All energies in the delta_e tab are in kcal/mol. The first part of the column name indicates the adduct. Then, it is indicated whether this is the 
start or end of the optimization trajectory. In a seperate column the absolute difference for the starting and ending energy of reaction of the optimization trajectory 
is calculated.
* **energies_of_reaction_xtb_and_dft**: This file contains the electronic energy (delta_e) or Gibbs free energy (delta_g) in kcal/mol.  
The first part of the column name indicates the adduct and \_sp\_ or \_thf\_ in the column name indicates that a SP calculation was done. 
The used functional/calculation method is also contained in the column name (xtb/GFN2-xtb, bp86, pbe1pbe) 

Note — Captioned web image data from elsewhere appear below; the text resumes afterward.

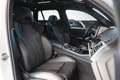 BMW X5 xDrive50e // M-PAKET // Weiß - thumbnail 16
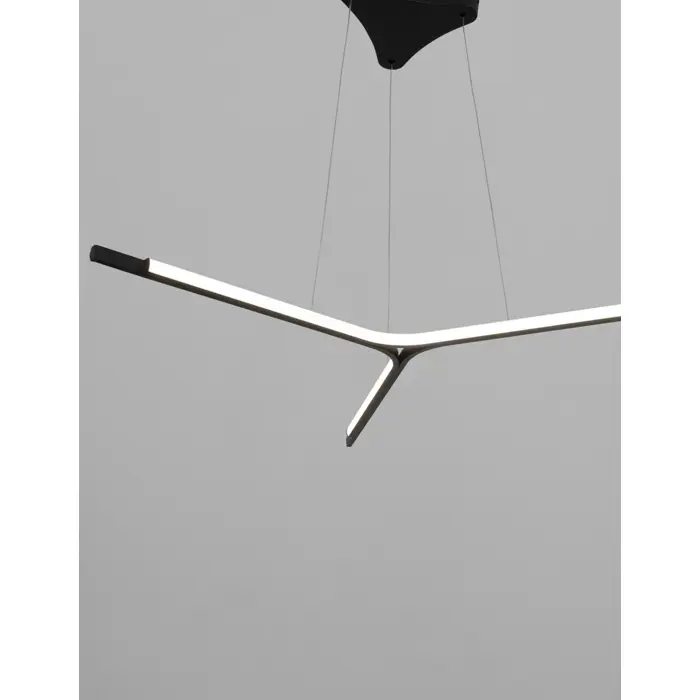 oderick-visilica-led-44w3000k1346lmip20crna-81125-02101686.webp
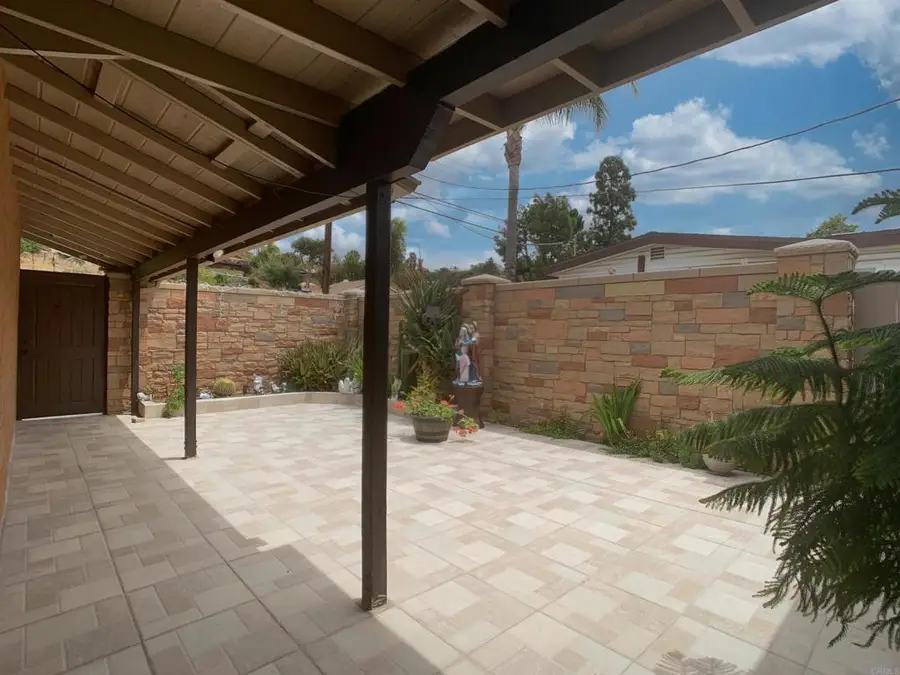 9104 Northcote Road, Santee, CA 92071 - #2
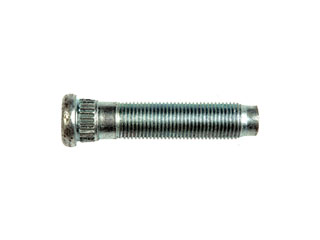 FORD MOTOR COMPANY E3TZ1108A Wheel Studs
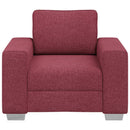 Sofa Stol Vinrød 100 cm Stof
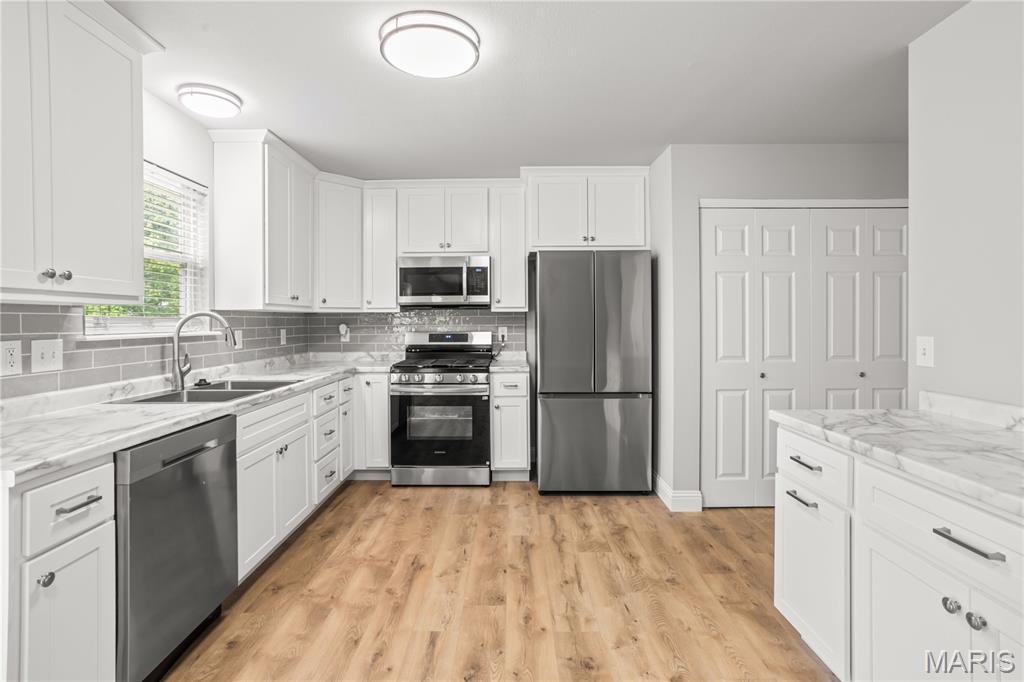 West Rdg 02 - Residential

* **h_l_gaps_xtb_and_dft**: This file contains HOMO-LUMO gaps in eV calculated using GFN2-xTB and DFT. 
The first part of the column name indicate the adduct. bp86\_thf indicates that a DFT SP on a BP86(GAS) optimized geometry was used. 
\_xtb\_thf indicates that a GFN2-xTB optimization using GBSA was done.
* **rmsds**: See explanation for RuPNP.

### Co_Por
Where available the name of the geometry file of the complex, substituent on each site and index ("How many functionalizations are done?") is indicated.
* **co_por_xtb_and_dft_data**: In this file various data is contained, each functionalization run has a separate tab. 
All runs contain (h)RMSDs of ChemSpaX generated (FF) geometries versus GFN2-xTB optimized geometries in Angstrom and the number of atoms contained in a geometry.  
For run2 DFT SP was done, so the HOMO-LUMO gap in eV for beta and alpha spin calculated by DFT is shown in column I (dft_h_l_gap_alpha) and 
J (dft_h_l_gap_beta). The next columns show the xtb (GFN2-xTB) and DFT (BP86(THF)) calculated HOMO-LUMO gap in eV. The difference in eV between these 
calculations is shown in the next column. Then, a classification within a cluster (low, medium, high) of the hRMSD (between ChemSpaX generated 
geometries and GFN2-xTB optimized geometries) is shown in the last column.



### M2L4 cage
* **rmsds**: See explanation for RuPNP.